> **TASK TO CARRY OUT**
Below are records with pictures. Reproduce exactly the lines from the line with "Hautapu School static school zone map" to the line with "Lower Campscott Farm Holiday Cottages", inclusive, and leave each picture out.

(Captioned web images)
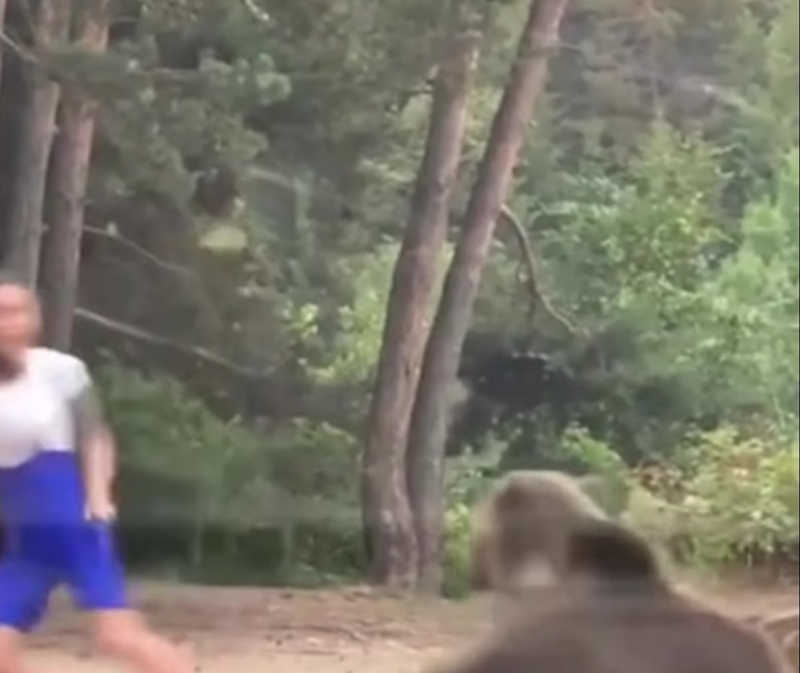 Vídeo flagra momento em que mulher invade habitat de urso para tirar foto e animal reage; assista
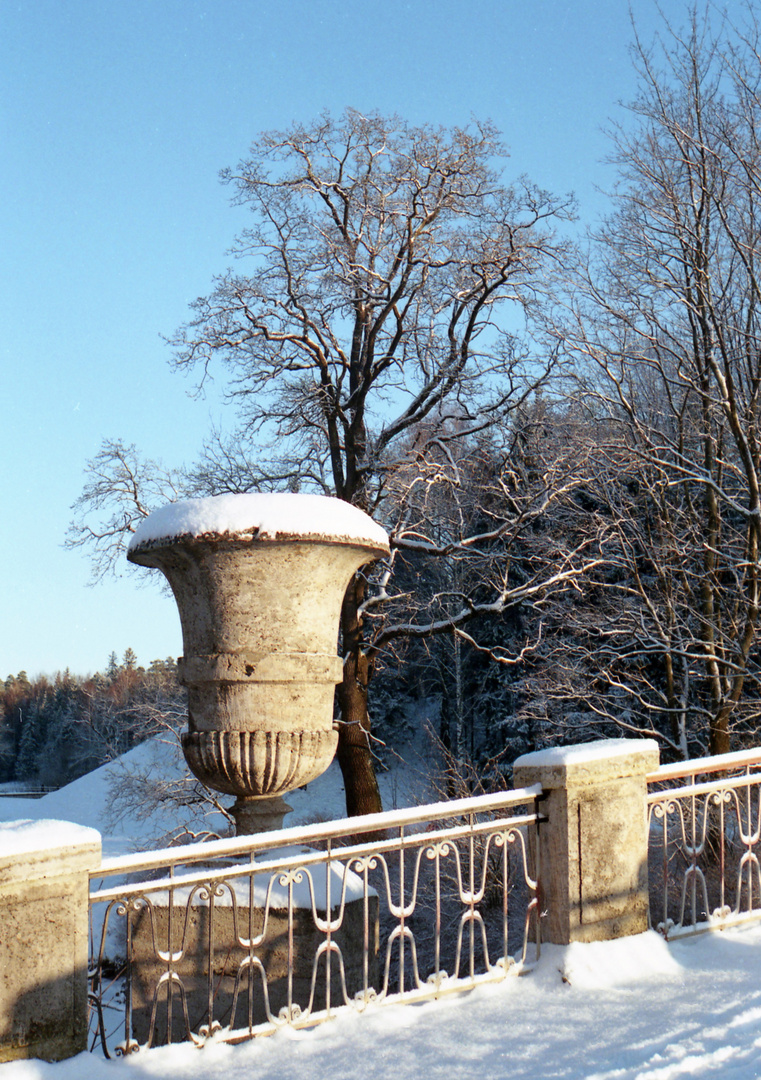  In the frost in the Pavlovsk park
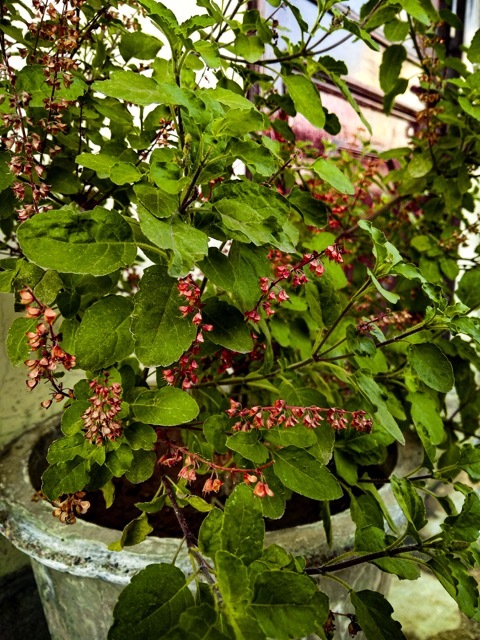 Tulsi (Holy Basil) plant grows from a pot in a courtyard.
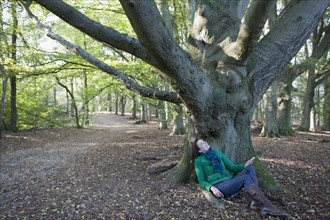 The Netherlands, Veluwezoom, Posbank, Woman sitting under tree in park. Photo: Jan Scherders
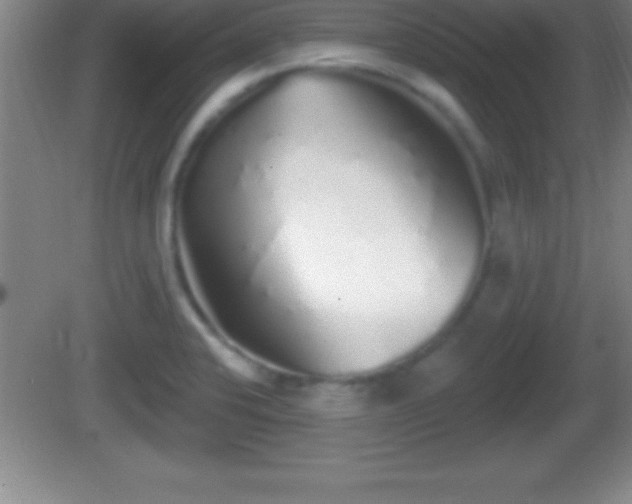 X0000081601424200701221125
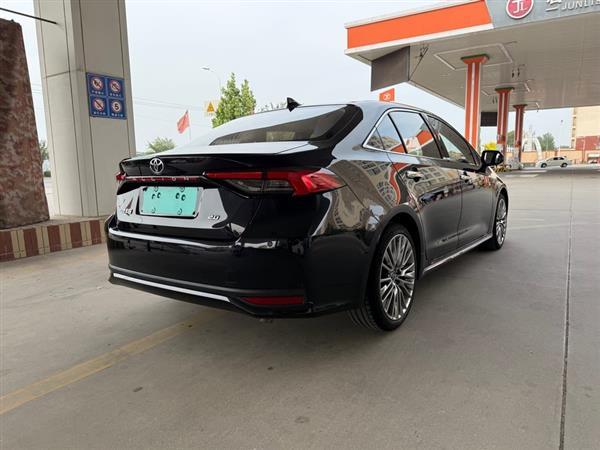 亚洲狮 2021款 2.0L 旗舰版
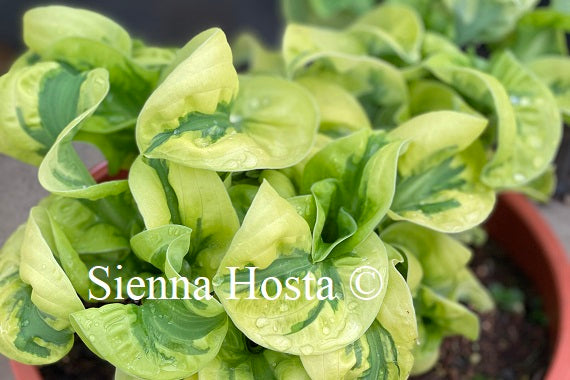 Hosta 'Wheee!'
---
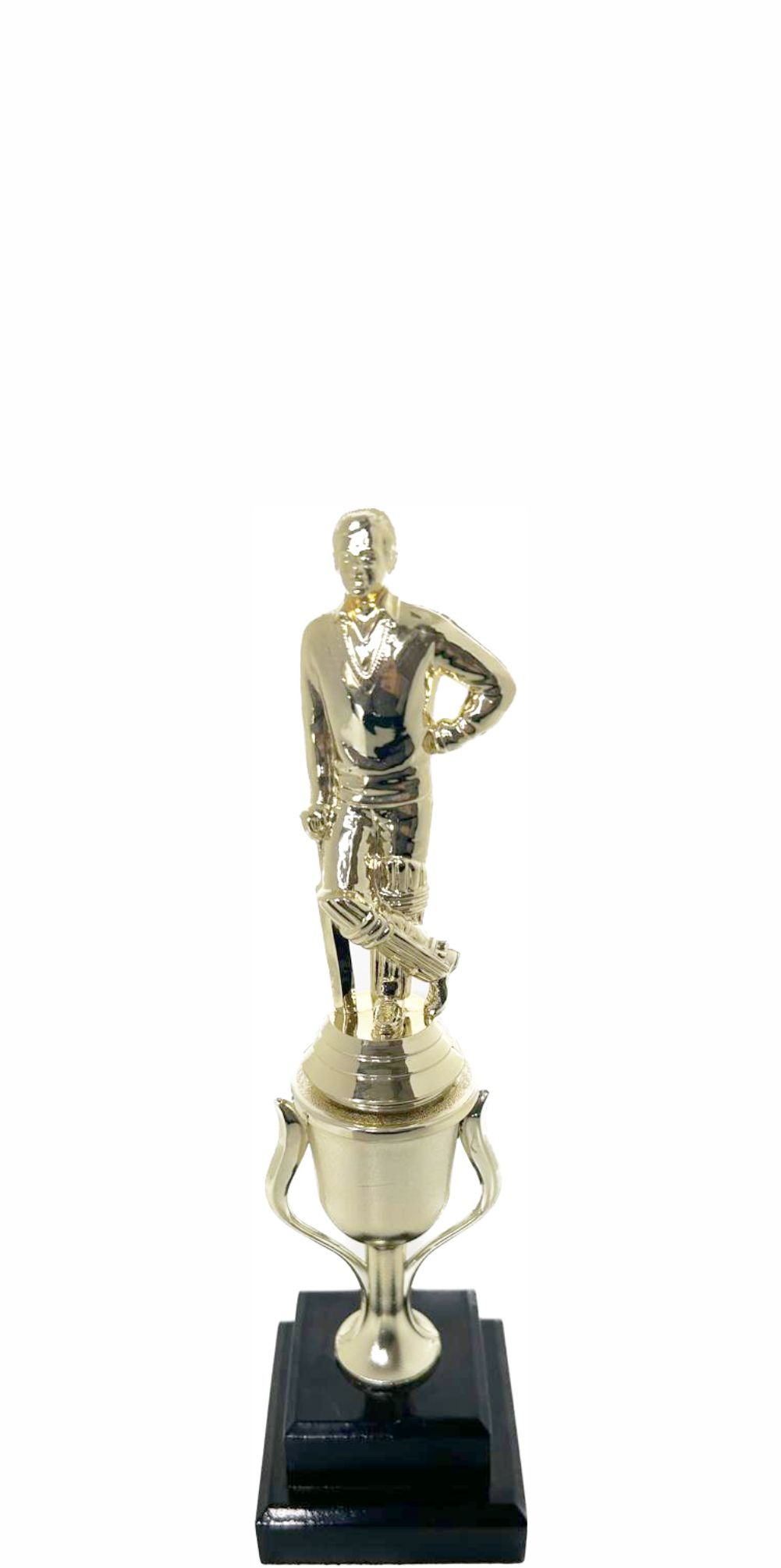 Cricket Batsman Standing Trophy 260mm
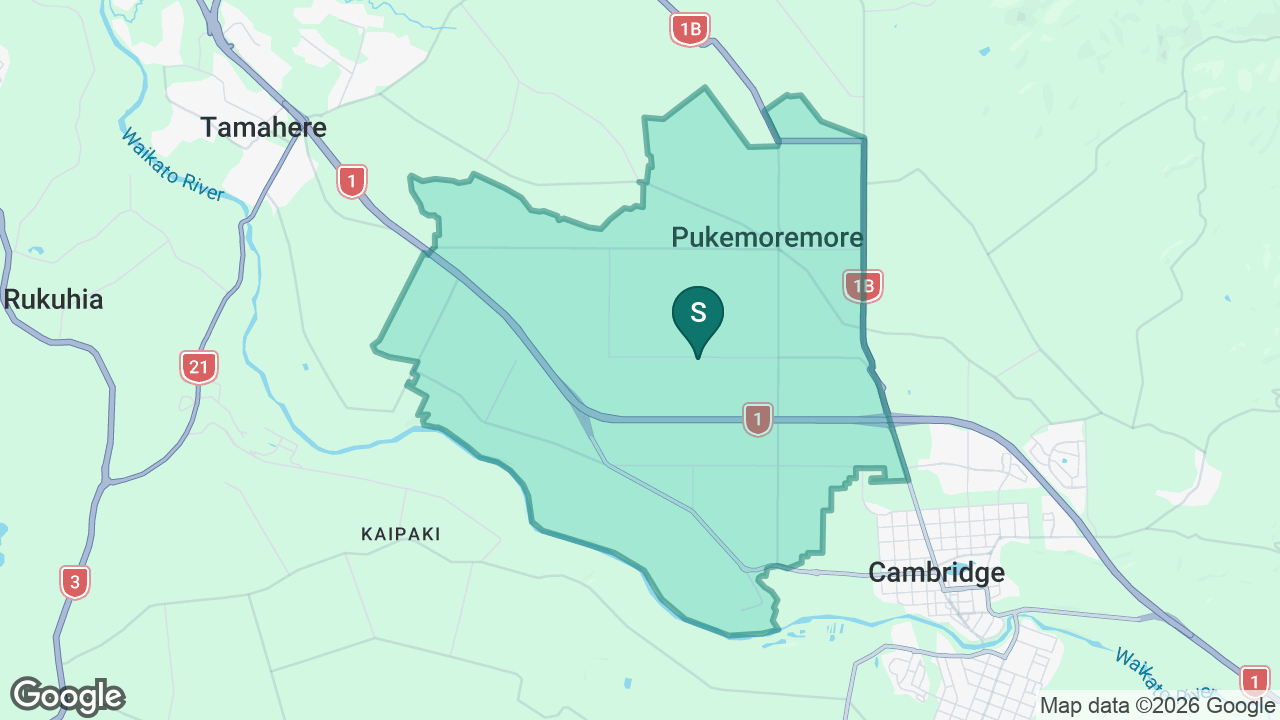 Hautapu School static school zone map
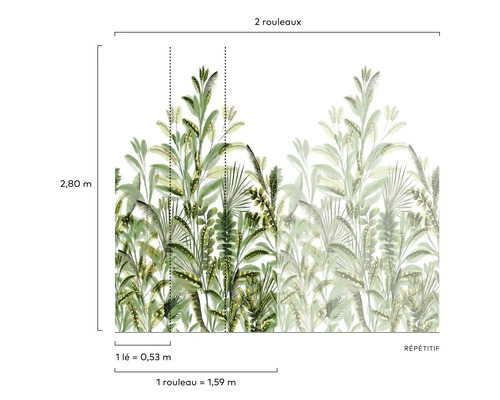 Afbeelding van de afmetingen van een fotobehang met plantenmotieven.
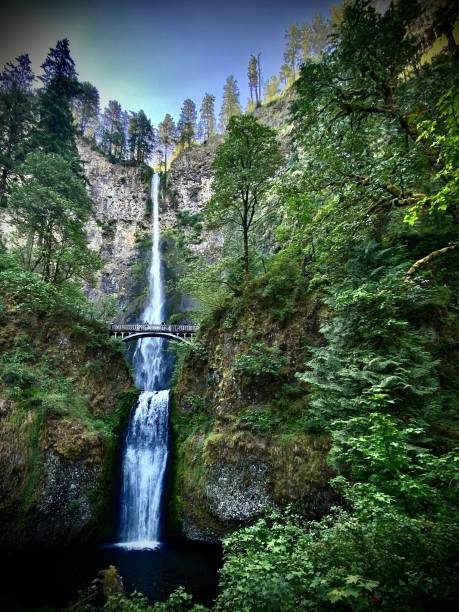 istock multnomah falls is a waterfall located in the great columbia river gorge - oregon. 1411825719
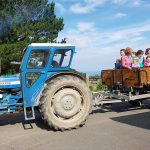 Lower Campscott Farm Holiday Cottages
==
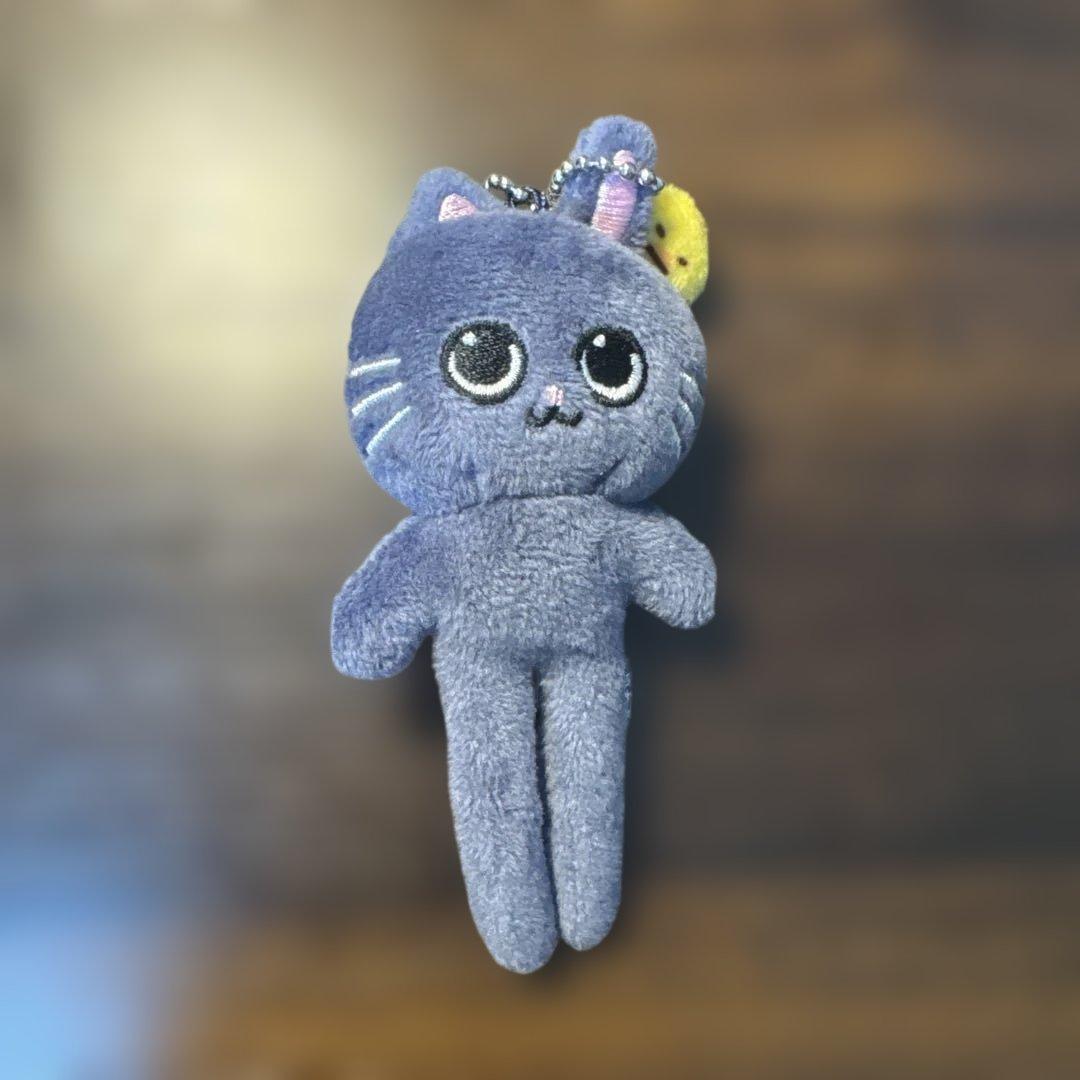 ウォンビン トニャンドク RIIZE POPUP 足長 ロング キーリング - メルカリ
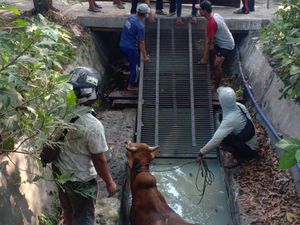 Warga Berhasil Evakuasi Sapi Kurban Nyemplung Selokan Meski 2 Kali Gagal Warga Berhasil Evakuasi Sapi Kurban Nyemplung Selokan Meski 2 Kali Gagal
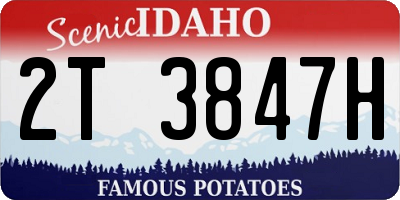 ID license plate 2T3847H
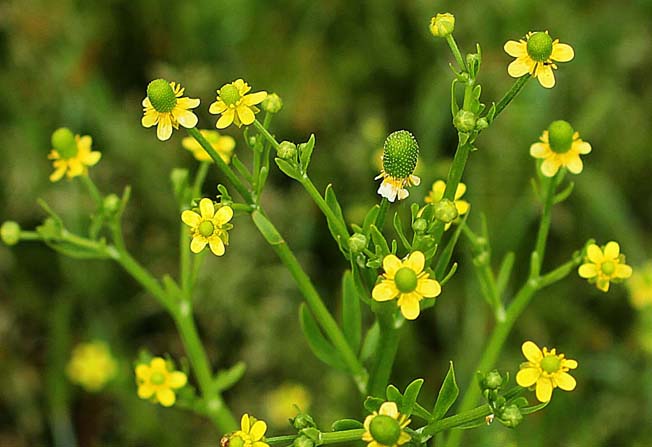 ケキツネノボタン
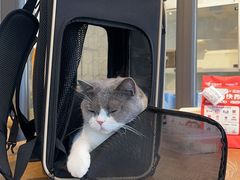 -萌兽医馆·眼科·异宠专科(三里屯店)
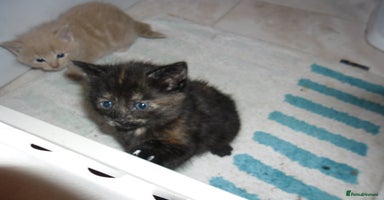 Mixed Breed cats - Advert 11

> **OUTPUT OF THE TASK**
 Hautapu School static school zone map
 Afbeelding van de afmetingen van een fotobehang met plantenmotieven.
 istock multnomah falls is a waterfall located in the great columbia river gorge - oregon. 1411825719
 Lower Campscott Farm Holiday Cottages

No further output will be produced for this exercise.